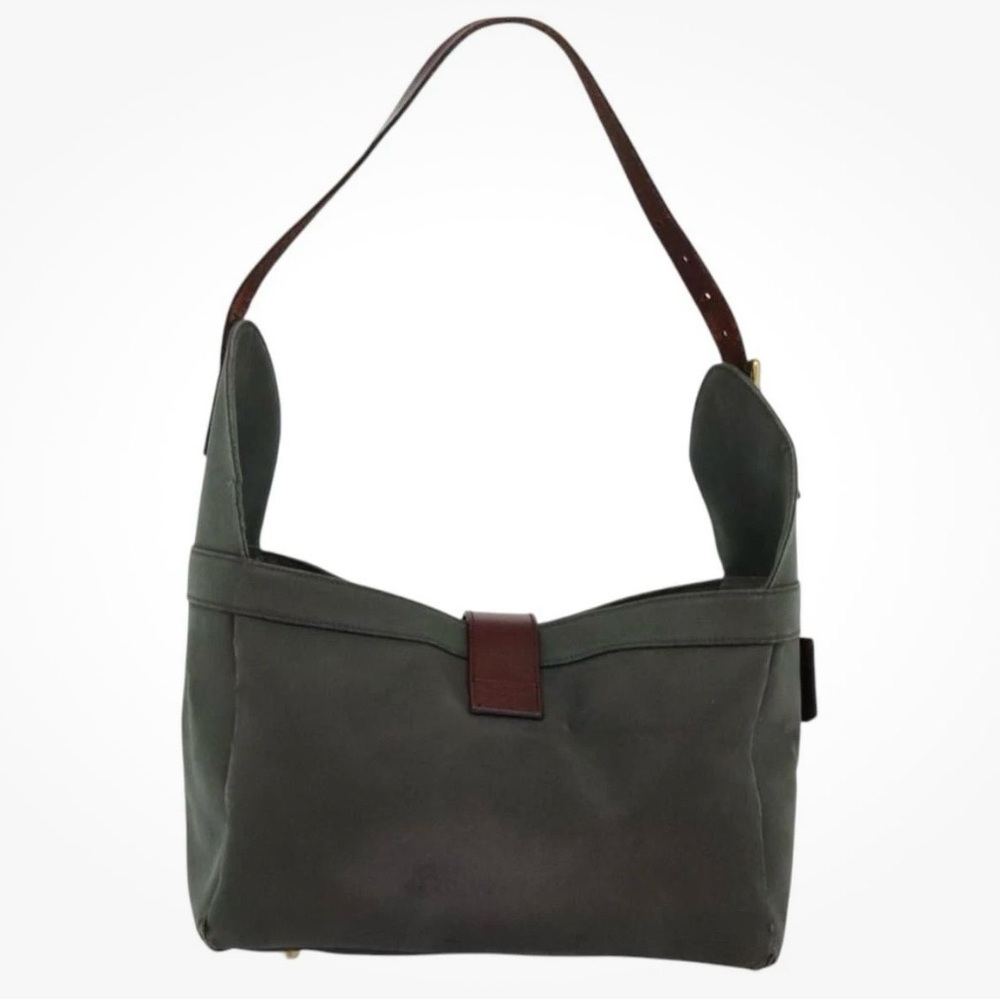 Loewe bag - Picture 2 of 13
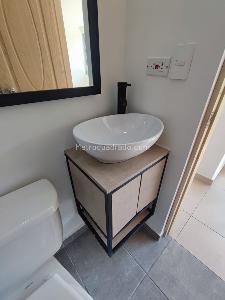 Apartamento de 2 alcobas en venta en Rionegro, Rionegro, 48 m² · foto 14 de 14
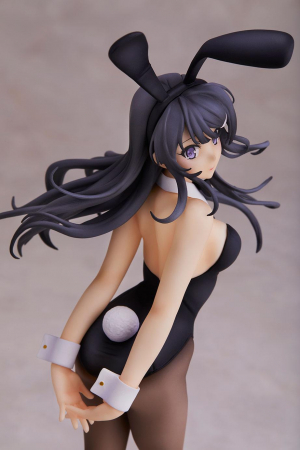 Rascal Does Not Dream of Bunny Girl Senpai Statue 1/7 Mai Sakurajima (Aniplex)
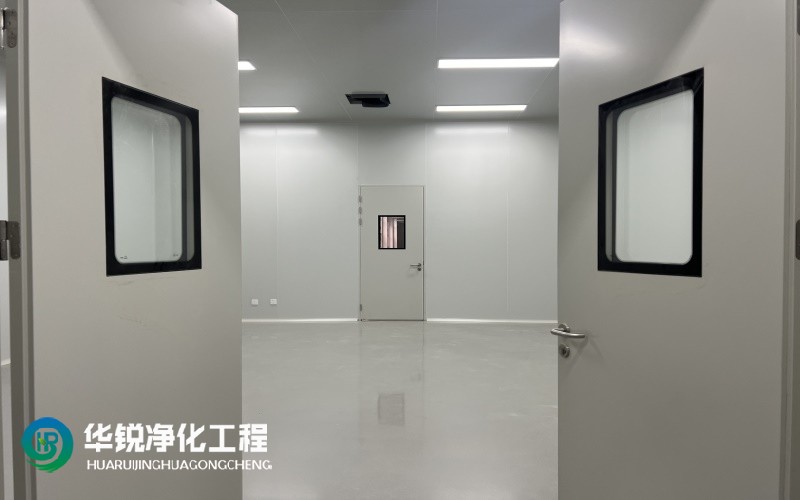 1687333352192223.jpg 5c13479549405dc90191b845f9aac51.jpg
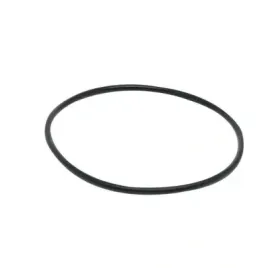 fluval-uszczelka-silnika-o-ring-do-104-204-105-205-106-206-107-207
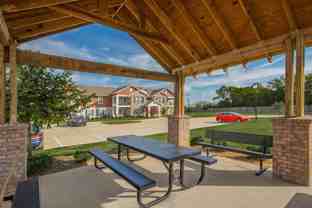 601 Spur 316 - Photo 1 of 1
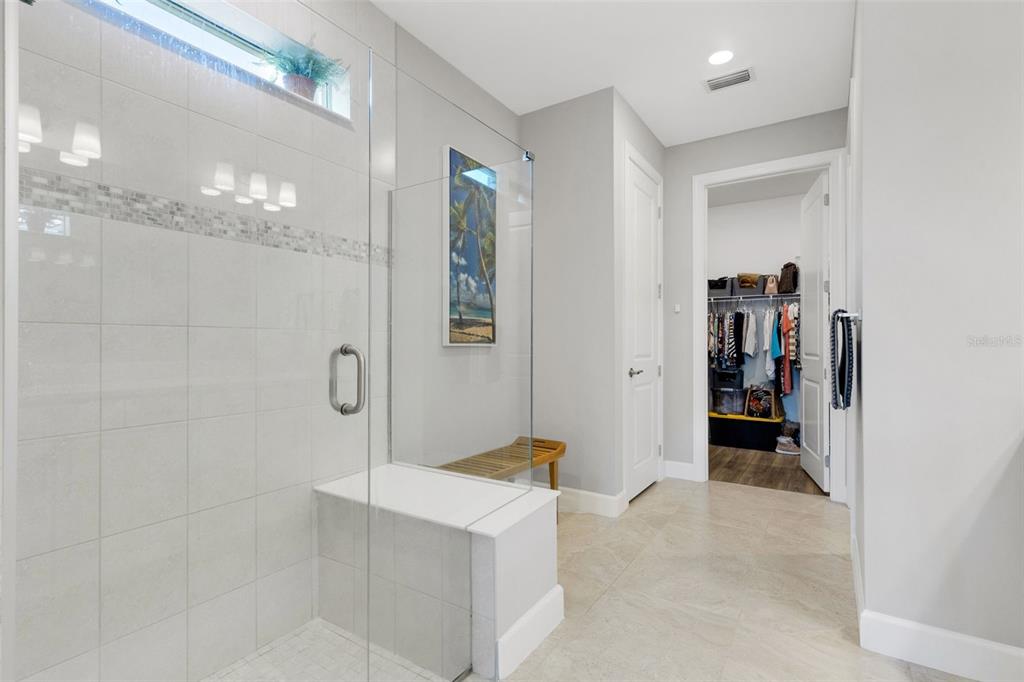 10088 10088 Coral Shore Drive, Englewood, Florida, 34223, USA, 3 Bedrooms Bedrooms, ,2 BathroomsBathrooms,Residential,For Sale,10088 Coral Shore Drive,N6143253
--
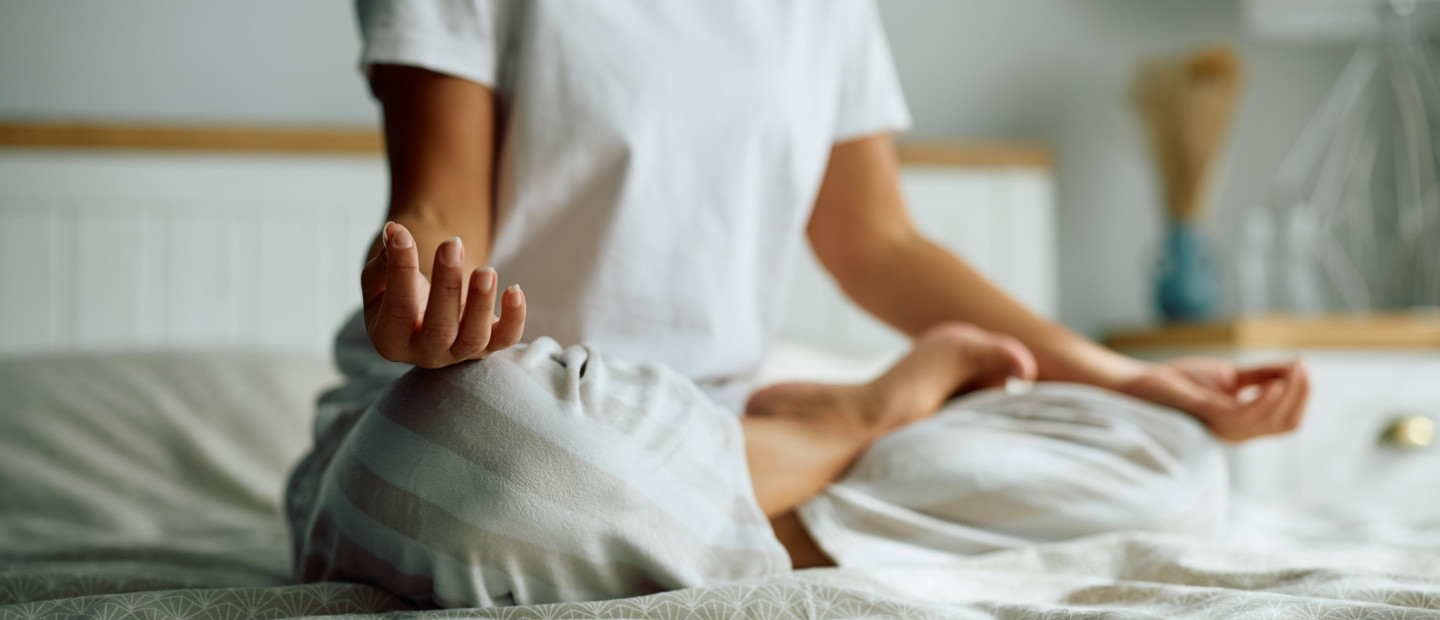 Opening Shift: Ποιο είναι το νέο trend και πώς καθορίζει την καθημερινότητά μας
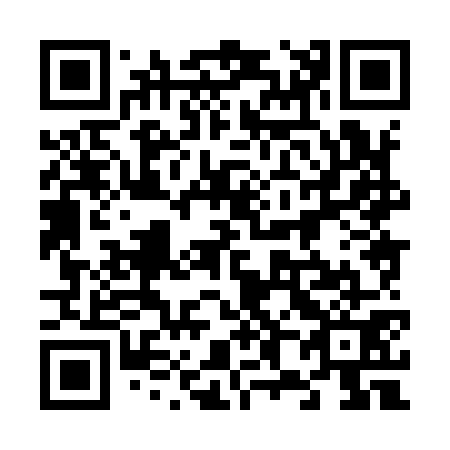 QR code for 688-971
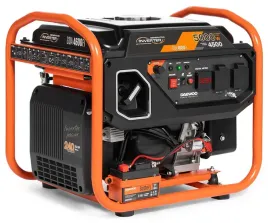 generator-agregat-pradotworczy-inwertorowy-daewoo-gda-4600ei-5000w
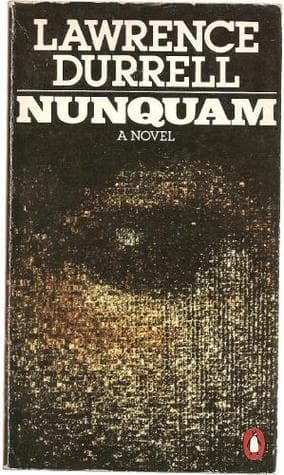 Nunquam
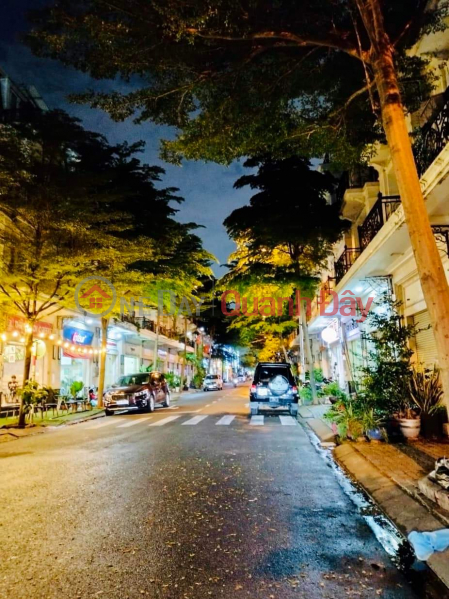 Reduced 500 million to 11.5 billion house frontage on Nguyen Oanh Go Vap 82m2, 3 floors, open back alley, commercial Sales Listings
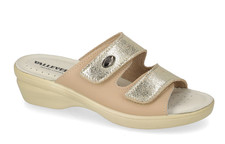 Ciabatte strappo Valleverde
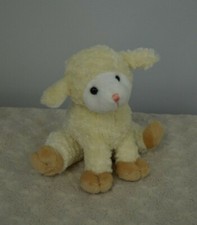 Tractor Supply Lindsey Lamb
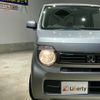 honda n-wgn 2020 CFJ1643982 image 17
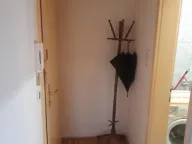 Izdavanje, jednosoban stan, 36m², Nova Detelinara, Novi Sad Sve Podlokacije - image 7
--
"1687333352192223.jpg 5c13479549405dc90191b845f9aac51.jpg" marks the first line to copy, and "10088 10088 Coral" marks the last. Repeat that stretch above exactly, with no pictures.

*Your solution:*
 1687333352192223.jpg 5c13479549405dc90191b845f9aac51.jpg
 fluval-uszczelka-silnika-o-ring-do-104-204-105-205-106-206-107-207
 601 Spur 316 - Photo 1 of 1
 10088 10088 Coral Shore Drive, Englewood, Florida, 34223, USA, 3 Bedrooms Bedrooms, ,2 BathroomsBathrooms,Residential,For Sale,10088 Coral Shore Drive,N6143253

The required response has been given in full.